The hospital noted a fall in monthly new paediatric cases— from 155 in February, 101 in March to just 17 in April when the lockdown was in full force. Till August, the hospital was seeing 50 per cent of its expected cases. It was only in September that the numbers rose back to 159.
“About 40 per cent of children (at the facility) have blood cancer or leukaemia; another 25 per cent have brain tumours. Both are fast-growing and aggressive cancers. A delay in treatment by even seven-eight months can advance the disease. In some cases, there is no curative treatment possible,” said Dr Girish Chinnaswamy, head of paediatrics oncology. Chinnaswamy added that such advanced cases have increased in children ever since lockdown restrictions eased and patients started returning to the hospital to resume treatment.
Hospital social worker Rajesh T said that an eight-year-old boy from Uttar Pradesh, who was suffering from leukaemia, could not visit the hospital in June 2020 for his follow-up session. He was only able to visit the facility in February this year. “His disease has relapsed and we will have to begin treatment again,” Rajesh said.
In another case, Wardha-based Nazma Khan and her five year old son, Aamir, sat in the hospital OPD waiting for their turn for consultation. Due to the pandemic, they could not immediately reach Tata hospital to begin his treatment. Aamir started developing fever last August and by end of the year, he was diagnosed with B-cell lymphoblastic leukaemia in Nagpur. He is now undergoing chemotherapy at Tata hospital. A social worker said the medical report labels Aamir as a ‘high-risk’ case.
Dr Shripad Banavali, director (academics) at Tata hospital, said that the hospital began tele-medicine for existing patients and at least 3,000 children with cancer were personally contacted via phone calls. The hospital doctors referred them to local doctors in their respective cities for treatment. “It is possible that a lot of new cancer cases have not yet been diagnosed due to the lockdown. In several tier-II and tier-III cities, general physicians had shut their clinics. The impact will be seen in one or two years when the cure rates for cancer dip,” he said.
“Adult cancer patients mostly have solid tumours, which can be tackled even with a delay of six to eight months. But children commonly have blood-related cancer, which is aggressive. If delayed, a child may require palliative care,” Banavali said.
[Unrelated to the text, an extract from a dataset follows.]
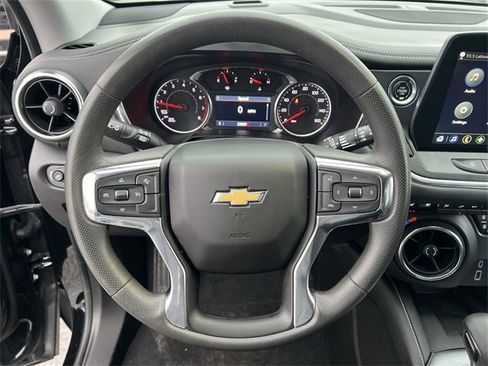 Used 2024 Chevrolet Blazer LT w/ Convenience Package image 11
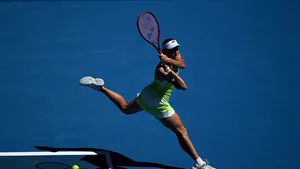 Elena Rybakina o învinge clar pe Elise Mertens și se califică în sferturile Australian Open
In emergency cases, the hospital made use of donations to arrange taxis for patients for inter-city travel and in some cases, medicines were couriered.
“In the initial three months, several NGOs and donors helped with nutrition, financial support and food for patients who were stuck here during the lockdown,” said Shalini Jatia, secretary, ImPaCCT Foundation.
However, the lockdown and associated economic losses have affected the overall funds the hospital receives through corporate social responsibility and donations, with a dip recorded this year. Even dharamshalas, that house such patients, have strict rules to observe physical distancing and limited the number of family members who can live with a patient.
While tele-medicine continues and WhatsApp support groups have also been created for patients to limit the need for travel to Mumbai, the hospital is once again bustling with patients, its OPDs as full as they were last February.
Around 25 beds are reserved for those who test positive for Covid-19. Since the inception of the pandemic, 149 children tested positive for Covid-19, nine of whom died.
“Of them, three succumbed to cancer progression and not Covid-19 directly. We observed that Covid-19 was less severe in children with cancer,” said assistant professor Dr Badira Parambil.